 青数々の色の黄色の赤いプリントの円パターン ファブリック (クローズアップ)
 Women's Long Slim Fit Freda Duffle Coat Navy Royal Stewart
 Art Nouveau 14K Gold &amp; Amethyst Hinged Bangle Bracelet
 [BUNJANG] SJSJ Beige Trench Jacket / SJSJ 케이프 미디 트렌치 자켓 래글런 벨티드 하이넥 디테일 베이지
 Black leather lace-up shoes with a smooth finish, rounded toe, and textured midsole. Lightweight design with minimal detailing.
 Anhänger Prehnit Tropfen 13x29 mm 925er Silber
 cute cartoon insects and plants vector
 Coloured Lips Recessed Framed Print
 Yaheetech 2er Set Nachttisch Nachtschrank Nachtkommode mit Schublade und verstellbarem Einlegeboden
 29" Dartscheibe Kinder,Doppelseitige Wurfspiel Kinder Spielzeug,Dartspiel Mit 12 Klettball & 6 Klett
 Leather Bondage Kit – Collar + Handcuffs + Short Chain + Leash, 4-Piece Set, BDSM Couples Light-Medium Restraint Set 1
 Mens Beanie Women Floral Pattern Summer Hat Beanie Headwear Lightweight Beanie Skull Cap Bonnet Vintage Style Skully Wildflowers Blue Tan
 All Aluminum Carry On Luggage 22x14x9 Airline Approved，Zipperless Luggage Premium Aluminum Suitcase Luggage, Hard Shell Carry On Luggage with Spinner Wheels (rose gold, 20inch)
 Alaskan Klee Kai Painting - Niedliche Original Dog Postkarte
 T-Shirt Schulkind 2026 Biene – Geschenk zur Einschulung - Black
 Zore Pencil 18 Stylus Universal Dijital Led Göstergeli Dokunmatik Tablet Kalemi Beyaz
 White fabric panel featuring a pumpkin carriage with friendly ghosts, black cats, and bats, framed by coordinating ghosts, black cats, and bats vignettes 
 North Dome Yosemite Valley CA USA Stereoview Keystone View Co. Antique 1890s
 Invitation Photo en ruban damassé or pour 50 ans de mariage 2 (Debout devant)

• **What you should do**:
With the first line of the records as the start and the line holding "Klettball & 6 Klett" as the end, please copy exactly those lines and no others.

• **Exercise answer**:
 青数々の色の黄色の赤いプリントの円パターン ファブリック (クローズアップ)
 Women's Long Slim Fit Freda Duffle Coat Navy Royal Stewart
 Art Nouveau 14K Gold &amp; Amethyst Hinged Bangle Bracelet
 [BUNJANG] SJSJ Beige Trench Jacket / SJSJ 케이프 미디 트렌치 자켓 래글런 벨티드 하이넥 디테일 베이지
 Black leather lace-up shoes with a smooth finish, rounded toe, and textured midsole. Lightweight design with minimal detailing.
 Anhänger Prehnit Tropfen 13x29 mm 925er Silber
 cute cartoon insects and plants vector
 Coloured Lips Recessed Framed Print
 Yaheetech 2er Set Nachttisch Nachtschrank Nachtkommode mit Schublade und verstellbarem Einlegeboden
 29" Dartscheibe Kinder,Doppelseitige Wurfspiel Kinder Spielzeug,Dartspiel Mit 12 Klettball & 6 Klett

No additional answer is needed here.